Exercise requirements:
Take the line holding "Τελευταία εταιρικά blogs" as the first line of the answer and the last line of the listing as its end; retype everything between exactly.

Dataset:
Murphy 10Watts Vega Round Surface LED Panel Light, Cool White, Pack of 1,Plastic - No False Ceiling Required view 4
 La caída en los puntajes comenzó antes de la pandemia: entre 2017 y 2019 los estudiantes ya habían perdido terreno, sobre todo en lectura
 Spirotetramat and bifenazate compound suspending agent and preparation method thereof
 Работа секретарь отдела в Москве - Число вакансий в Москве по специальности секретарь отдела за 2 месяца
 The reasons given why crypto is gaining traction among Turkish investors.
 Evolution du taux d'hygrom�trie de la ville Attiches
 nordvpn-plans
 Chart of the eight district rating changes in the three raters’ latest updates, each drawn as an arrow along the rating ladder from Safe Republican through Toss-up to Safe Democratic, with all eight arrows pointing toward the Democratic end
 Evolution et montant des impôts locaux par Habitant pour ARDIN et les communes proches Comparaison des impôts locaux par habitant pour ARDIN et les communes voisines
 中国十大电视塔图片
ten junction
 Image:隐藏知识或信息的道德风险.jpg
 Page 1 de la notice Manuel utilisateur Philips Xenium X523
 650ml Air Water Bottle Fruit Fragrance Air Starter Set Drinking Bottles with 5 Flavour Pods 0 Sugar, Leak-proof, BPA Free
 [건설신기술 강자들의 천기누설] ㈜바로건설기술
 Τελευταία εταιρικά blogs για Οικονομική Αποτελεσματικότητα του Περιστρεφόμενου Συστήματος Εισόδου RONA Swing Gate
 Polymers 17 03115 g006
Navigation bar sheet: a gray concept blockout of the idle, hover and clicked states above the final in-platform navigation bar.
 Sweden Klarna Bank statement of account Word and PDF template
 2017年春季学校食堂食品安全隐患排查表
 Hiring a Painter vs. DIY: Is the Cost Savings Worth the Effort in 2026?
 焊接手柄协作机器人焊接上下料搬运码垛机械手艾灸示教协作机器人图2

Response to the task:
 Τελευταία εταιρικά blogs για Οικονομική Αποτελεσματικότητα του Περιστρεφόμενου Συστήματος Εισόδου RONA Swing Gate
 Polymers 17 03115 g006
Navigation bar sheet: a gray concept blockout of the idle, hover and clicked states above the final in-platform navigation bar.
 Sweden Klarna Bank statement of account Word and PDF template
 2017年春季学校食堂食品安全隐患排查表
 Hiring a Painter vs. DIY: Is the Cost Savings Worth the Effort in 2026?
 焊接手柄协作机器人焊接上下料搬运码垛机械手艾灸示教协作机器人图2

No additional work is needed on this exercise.